Und weil wir sie nur mal mit kurzem Seufzen in den Hand nehmen, während wir in den Kisten eigentlich etwas anderes suchen. Trotzdem: einfach so auf den Müll werfen? Ja, das ist schon etwas für Fortgeschrittene.
Aber wir sind ja inzwischen Fortgeschrittene! Deshalb machen wir ein hübsches Foto davon. Oder auch zwei. Und lagern alles in einem Ordner namens “Fotografierte Erinnerungsstücke”. Dann warten wir, bis wir wieder einen Tag überbordenden Befreiungsbedürfnisses haben und werfen die Sachen ganz fix in die Mülltonne. Am Besten am Tag vor der Leerung.
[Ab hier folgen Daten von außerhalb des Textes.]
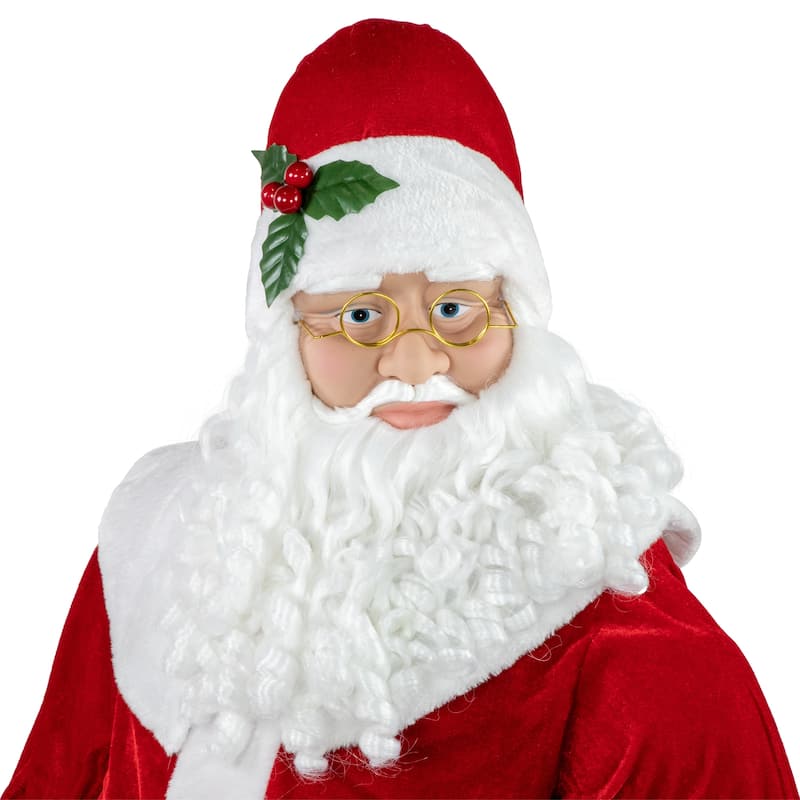 72" Life-Size Plush Santa Claus Standing or Sitting Christmas Figure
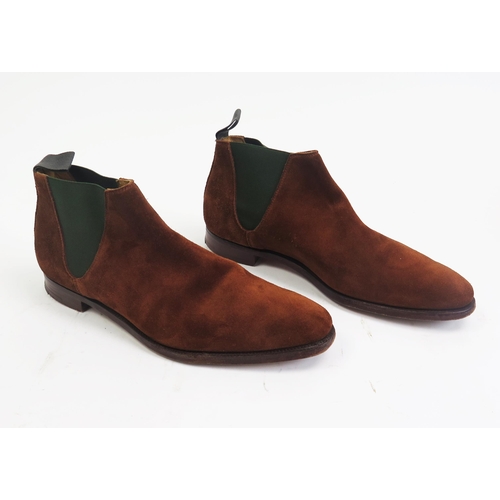 1494 - Crockett & Jones Cranford Suede Shoes Size 7 E, boxed (incorrect box?) with shoe bags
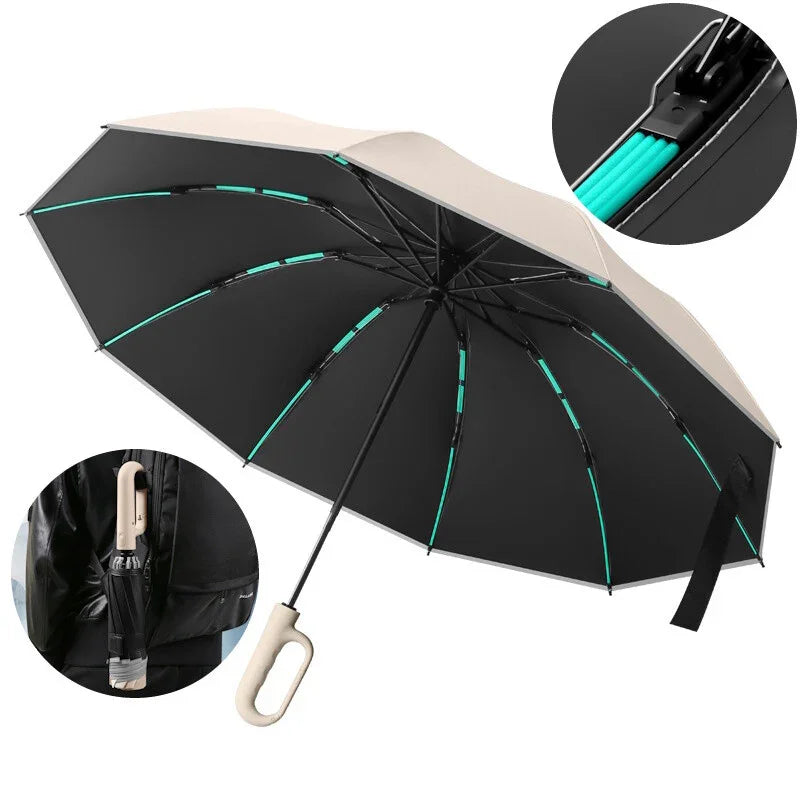 Le Parapluie Révolutionnaire à Boucle – Anti-Vent, Chic & Inversé
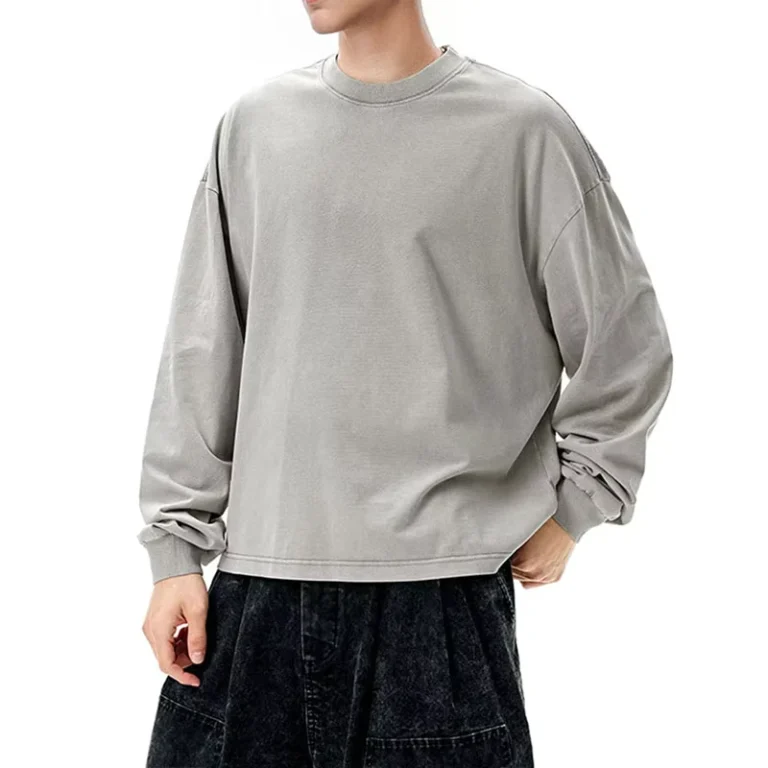 CHINEE-In-Stock-Ready-to-Ship-Streetwear-Blank-Vintage-Acid-Wash-Distressed-Cropped-Long-Sleeve-T-Shirt-Men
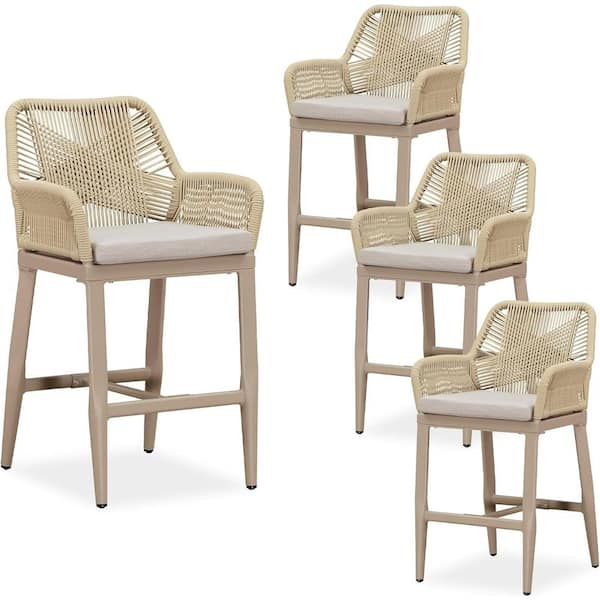 PURPLE LEAF Modern Aluminum Rattan Counter Height Outdoor Bar Stool with Back and Beige Cushion (4-Pack)
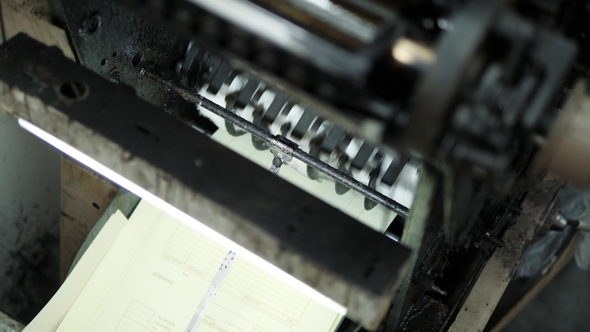 Vintage Old Printing Machine in Retro Style Typography. Process of ...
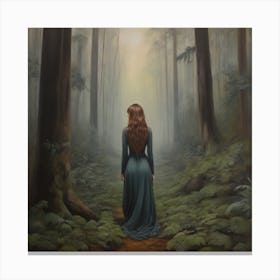 Girl In The Woods Canvas Print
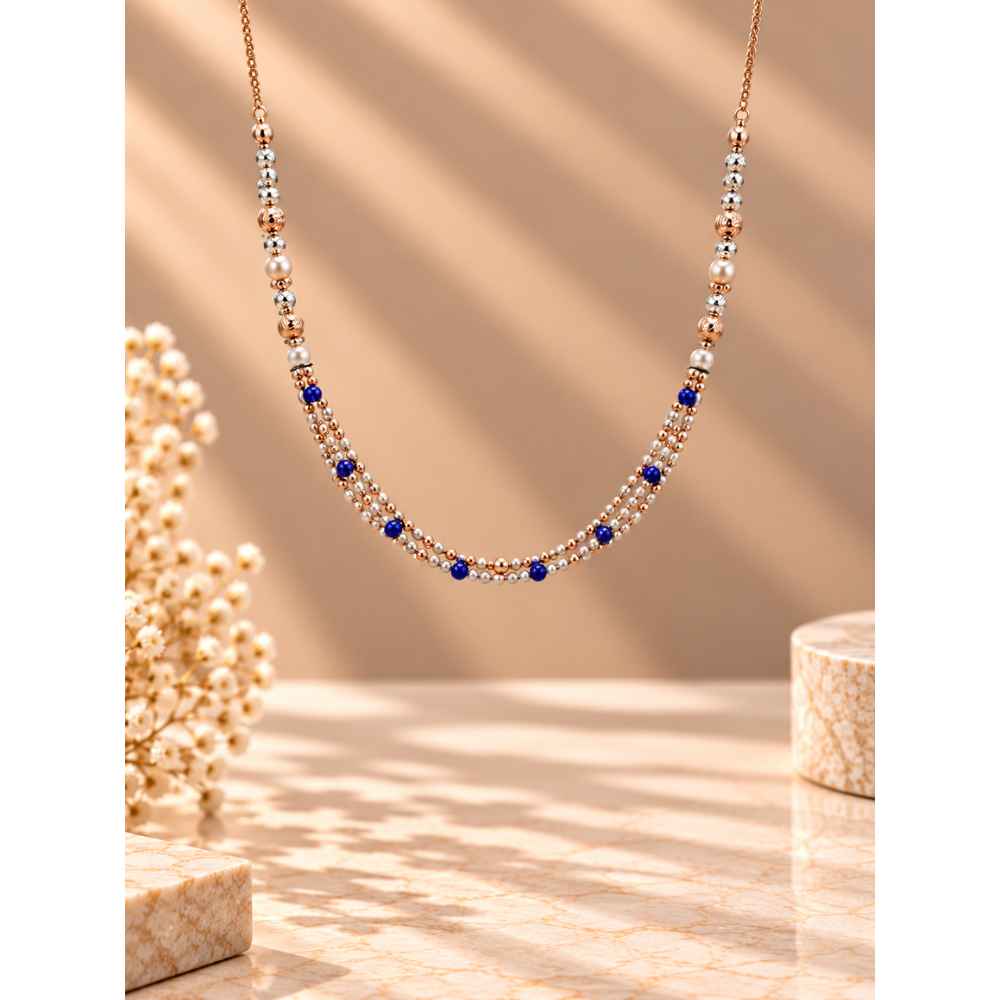 Silver Chain Two-Tone Multi-Strand Beaded Mala With Blue Accents - MAL10140 detail view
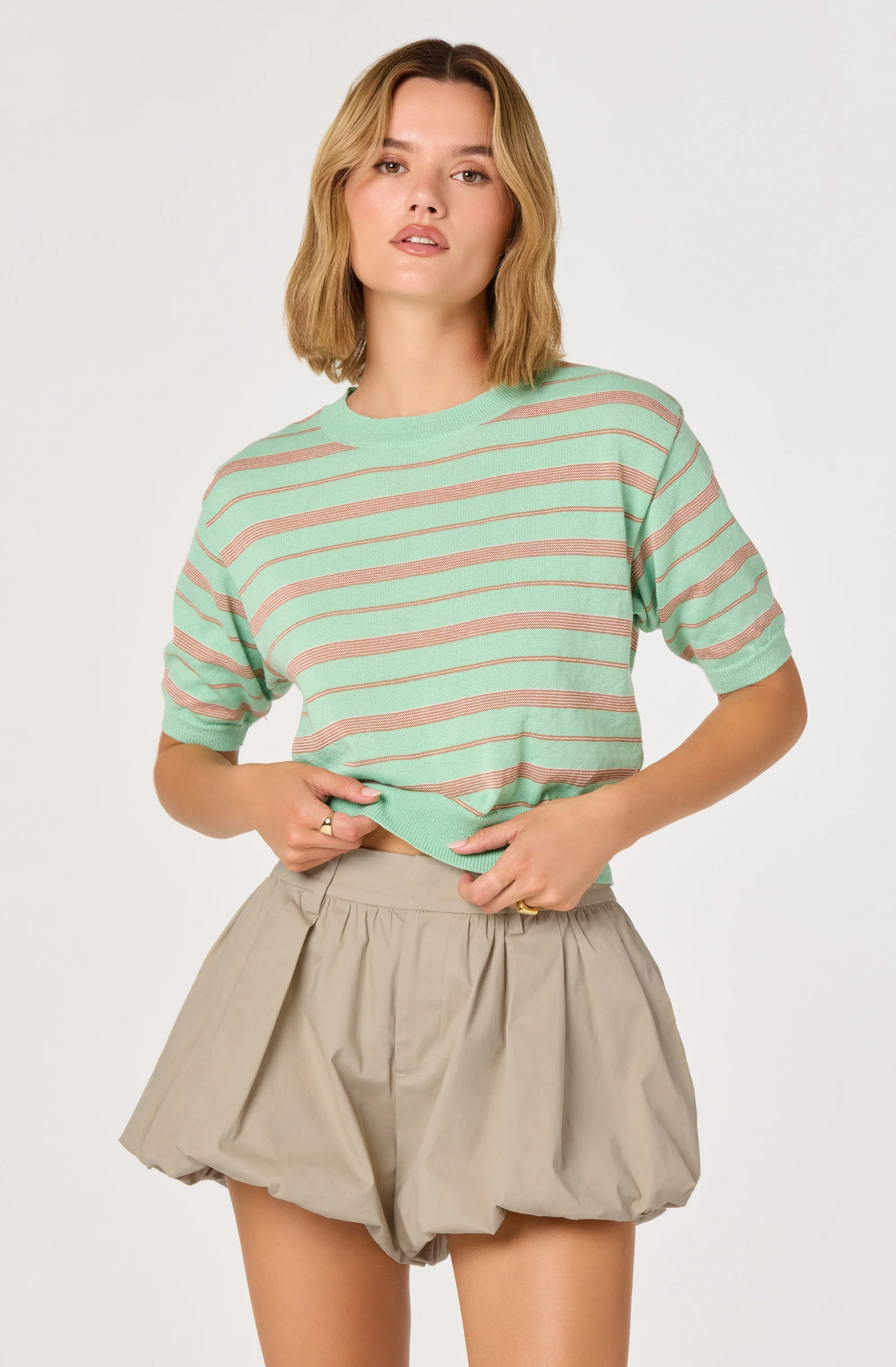 Colette Striped Knit Crew Neck Sweater - Image 3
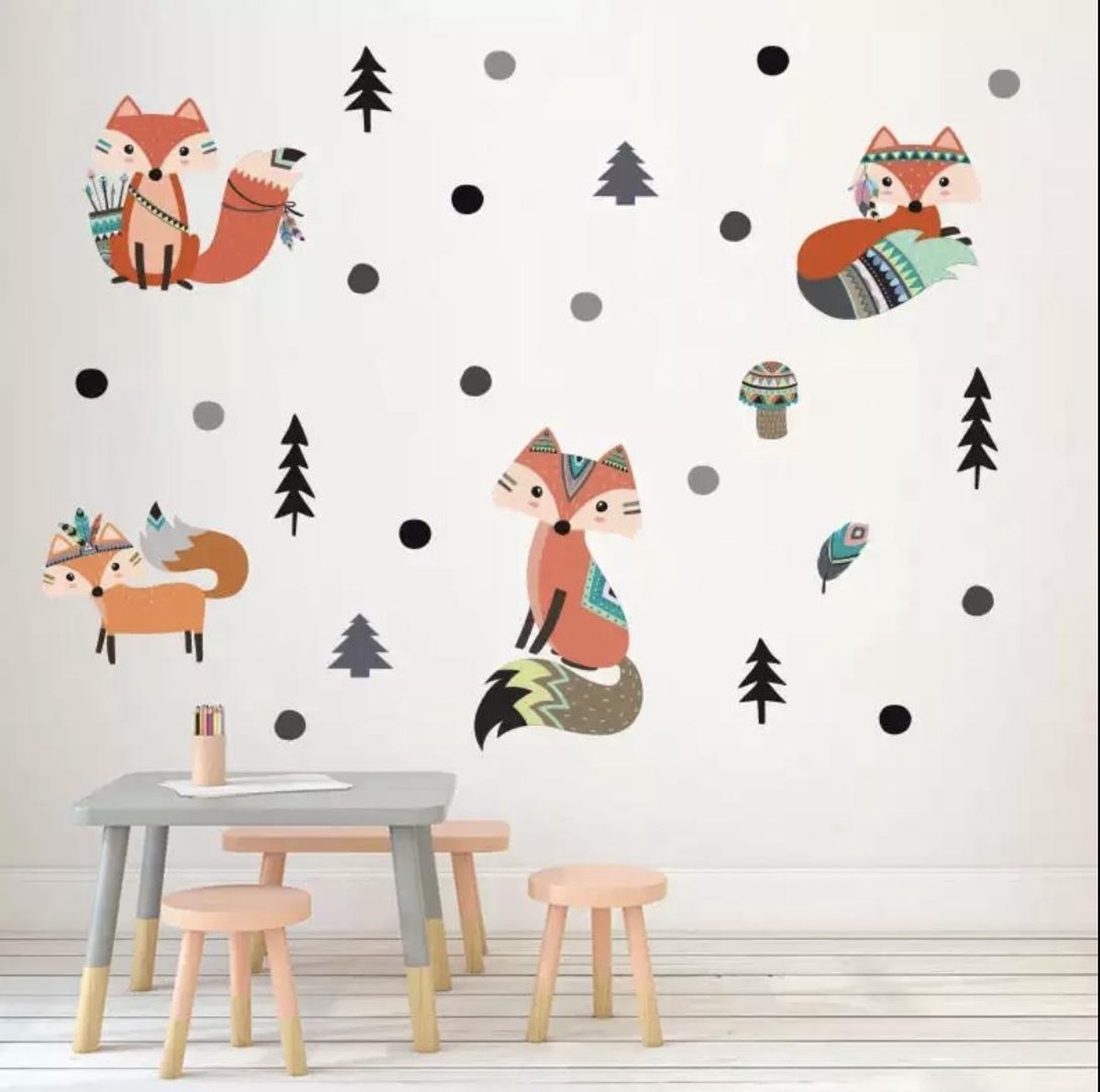 Muursticker Kinderkamer - Dieren - 61 x 25 CM - Industrieel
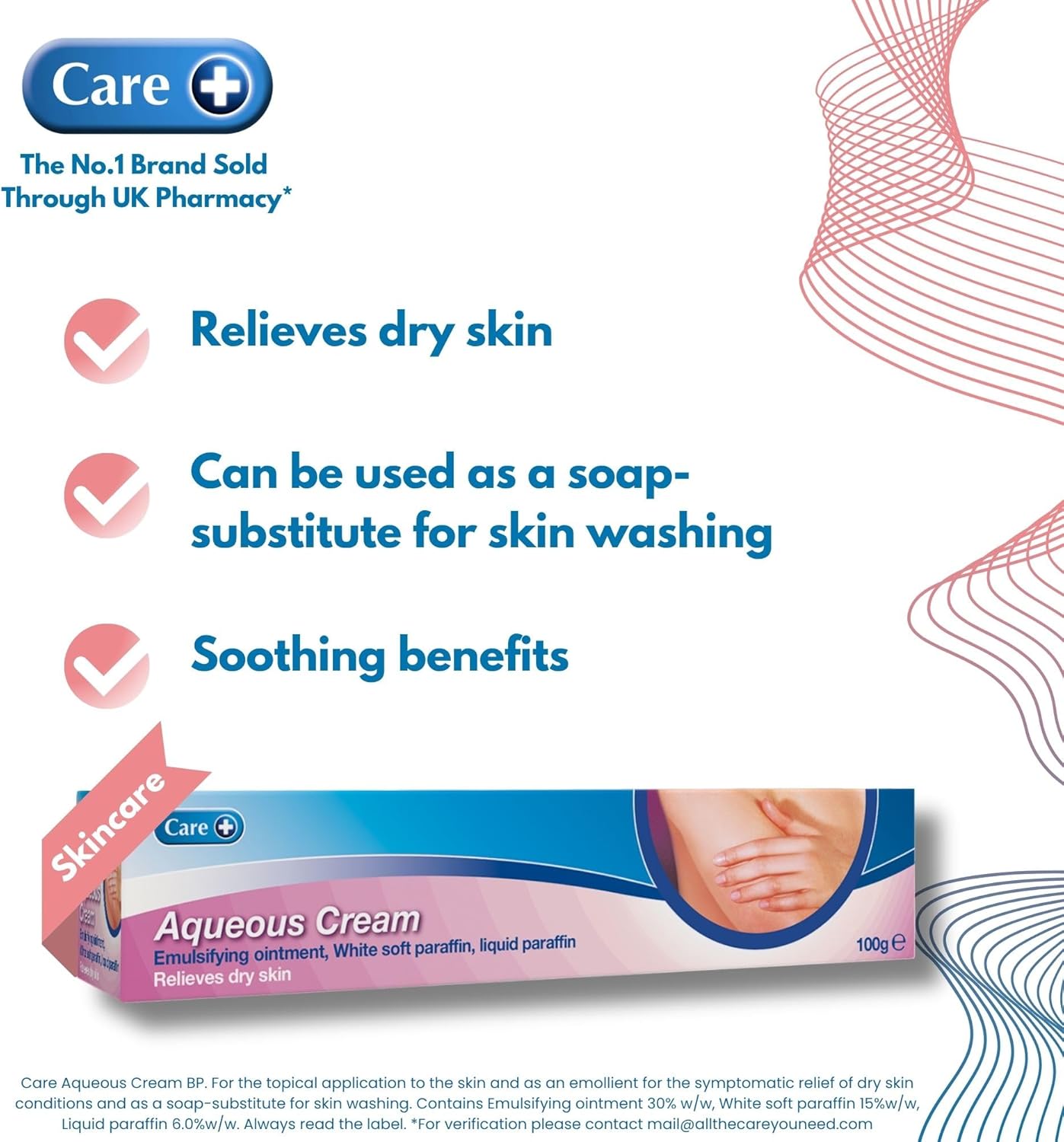 Care+ Aqueous Cream 100g Cream
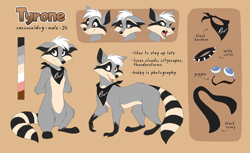 Size: 1750x1069 | Tagged: safe, artist:mistrel-fox, oc, oc only, oc:tyrone (anthonymutt), canine, dog, hybrid, mammal, procyonid, raccoon, feral, semi-anthro, bandanna, brown background, character name, clothes, collar, fur, goggles, gray fur, hair, male, reference sheet, scarf, simple background, solo, solo male, spiked collar, tan fur, text, white hair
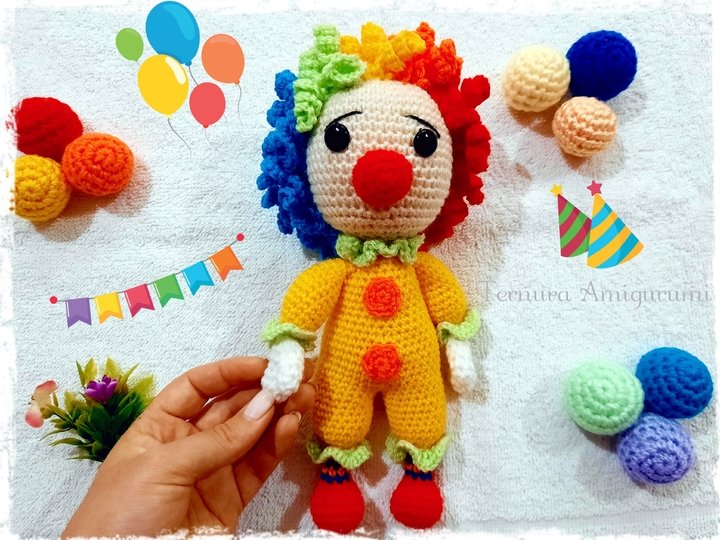 Häkelanleitung süßer Clown PDF Ternura Amigurumi ENGLISH - DEUTSCH - DUTCH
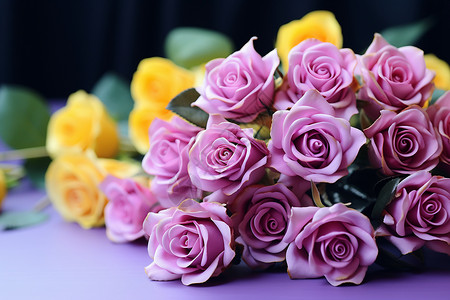 浪漫的紫色玫瑰背景图片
Aber nicht nachts im Schlafanzug nochmal in den Tonnen herumwühlen!
Außer, Ihr fangt nachts um zwei Uhr an, zu überlegen, wo eigentlich die Tüte mit Ommas Schmuck war. So wie ich. Dann dürft Ihr auch in Pantoffeln den Kopfsprung in Nachbars Müll starten.
Der Lohn des Aussortierens ist Freiheit! Wer nicht viel besitzt, kann sich leichter bewegen. Kann besser denken. Muß weniger aufräumen. Und sich weniger Sorgen machen, daß seinem Besitz etwas zustößt. Wo nix ist, kommt auch nix weg. Wissen die Gehirne von RTL II-Zuschauern schon seit Jahrzehnten.
Aber überfordere Dich nicht in Klammerphasen!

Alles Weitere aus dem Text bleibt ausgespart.